Stunning , what sort of paint is it?


----------



## jasonchiu (Mar 8, 2006)

jesus that girl is hot


----------



## Bajie (Dec 13, 2001)

Nice colour.
I think the bonnet would look much better painted like the rest of the car though.
Rear spoiler looks like its "trying" as the rest of the kit, and the colour comes over so well. Rear three quarter view works looks better. But I really have trouble with GT style spoilers as when the car is static the majority of them just look wrong.
I really like the front wings .

Lot of hard work went in there and you should be commended.
Any interior and engine shots ... please


----------



## Cardiff R33 (Jan 16, 2004)

saw this at max power too, know the rear light are the aftermarket e bay jobs probably but i like them and are on my shoppin glist for the winter, where were they from and how much? Also your front light dont look standard?


----------



## Cardiff R33 (Jan 16, 2004)

BTW car looks good, my favourite wheels and nice colour!


----------



## sky101 (Apr 21, 2004)

*Front and rear lights.*

The rear L.E.D. lights I brought from www.essexracing.co.uk. They were an absolute bargain at £210 for the complete set. Easy to fit as well, they plug straight in to the existing light sockets.
As for the front lights, they are U.K. spec headlights. They were on the car when I brought it, because it's a U.K. car.:wavey:


----------



## bkvj (Feb 13, 2006)

nice ride, has show AND go...rare lol.

what were all of you doing at max power live then nutters!?


----------



## Cardiff R33 (Jan 16, 2004)

head light are not normally chrome inside though, unless someone else knows better!


----------



## SkylineMannen (Aug 29, 2003)

Holy S**t mate 
:bowdown1: :bowdown1: How in the h**l did you get the babe there? 
Need allsow a simular for my car. :bawling: 

Really nice car loocking clean and mean at the same time. 

Regards
Klaus
Sweden


----------



## MADsteve (Nov 25, 2004)

Cracking colour, awesome bodykit, and great wheels. 

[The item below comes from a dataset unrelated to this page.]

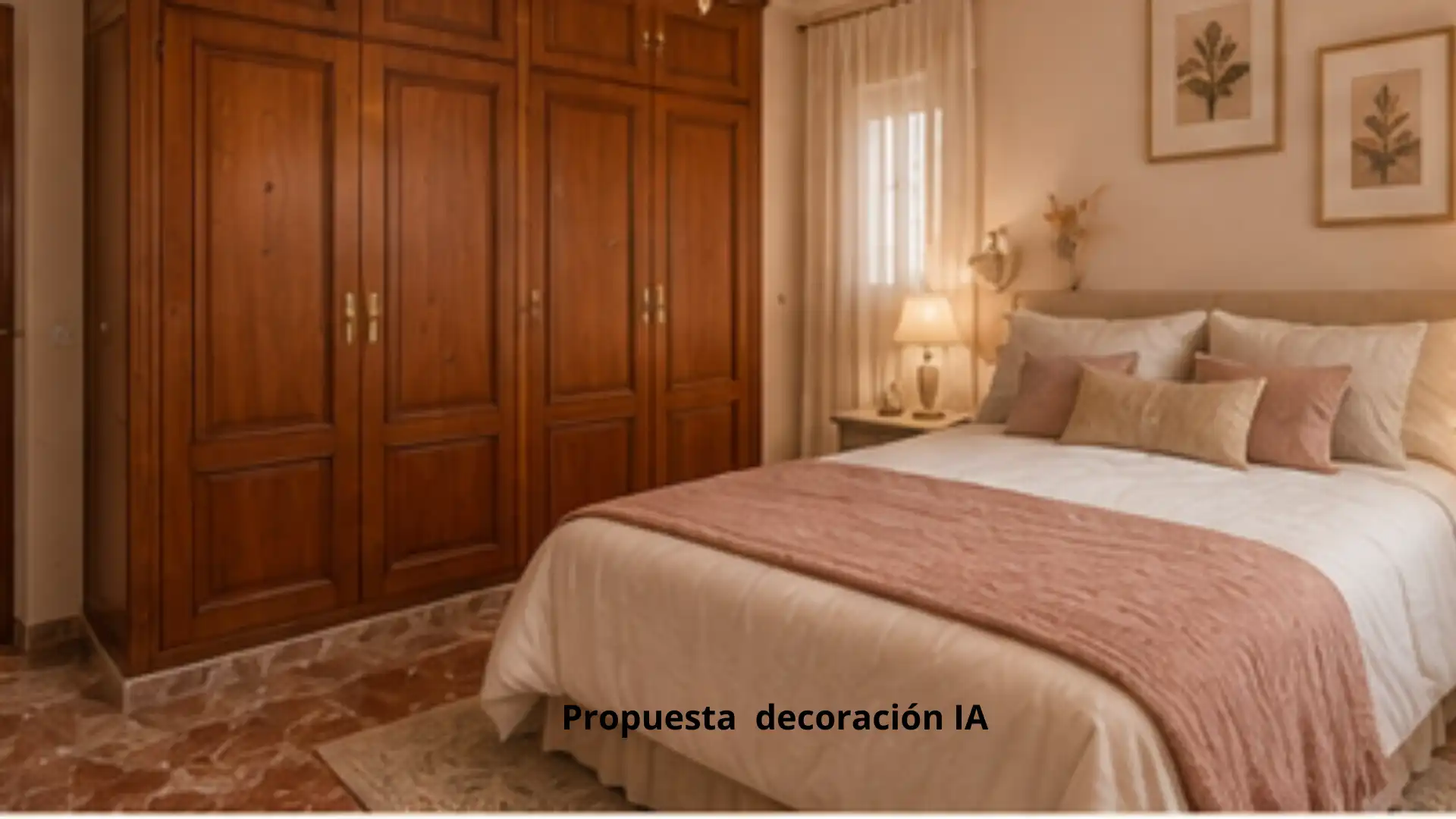 Haus zum Verkauf in Carretera diseminado arenillas, imagen 32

Not too keen on the rear spoiler, but the scantily clad ladies:bowdown1: more than make up for it, IMO! lol  :clap:


----------



## HkTypeR (Sep 12, 2004)

seen you around southampton a couple of times, very nice, do you also own the Golf GTi?


----------



## deef (Aug 4, 2005)

Very Very nice, Car aint bad either lol


----------



## sky101 (Apr 21, 2004)

*Fair comment.*

Thanks for all your comments guys.
One the whole, not a bad response. Think you could be right about the rear wing, it is a bit on the large side. Good job I kept the old rear wing and the old bonnet. I'm go'na get them sprayed the same colour as the car so I can swap them over if I ever get board of the carbon look. I'll have the best of both worlds then.
Thanks again for your comments, keep em' coming. :clap: :bowdown1: :clap:


----------



## r33 v-spec (May 24, 2002)

Nice car dude, even though the front bumper doesn't appeal to me. I would rather have a Nismo item. But each to their own i suppose. 

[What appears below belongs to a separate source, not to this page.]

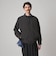 ＜Steven Alan＞ ヘビー ナイロン オールド アルパイン ジャケット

Just out of curiosity; who done your interior? And any further pics...


----------



## NikWilson (Oct 31, 2002)

Chris

Really nice car! :clap: 

Nik


----------



## vice5500 (Sep 17, 2008)

can someone tell me what type of bodykit this is and where can i get and the front quarter panel as well


----------



## Cardiff R33 (Jan 16, 2004)

do luck try sumo power


----------



## midship (Feb 7, 2006)

phwoar! What a rear!!! What car are we looking at by the way?


----------



## vice5500 (Sep 17, 2008)

*bodykit*

the custom blue gtr of "SKY101"


----------



## musa6788 (Nov 23, 2008)

Hello Mate....saw your Skyline last night at White Lion in Dunstable, me and my mate were admiring your car and you popped the bonnet....and i must say it looks absolutely amazing inside and out 
Dont listen to what people say about the spolier...it completely suits your Skyline....and as for the 605bhp....phwoarrr you'll need it to stop the car taking off lol!!! My mates Evo 4 has 300/310(yet to be dyno'd)....and i thought that was f***in fast...i just cant imagine going twice as fast!

Hopefully one day i'll have one of my own... 

Was nice meeting ya mate..and a pleasure to see your car..


----------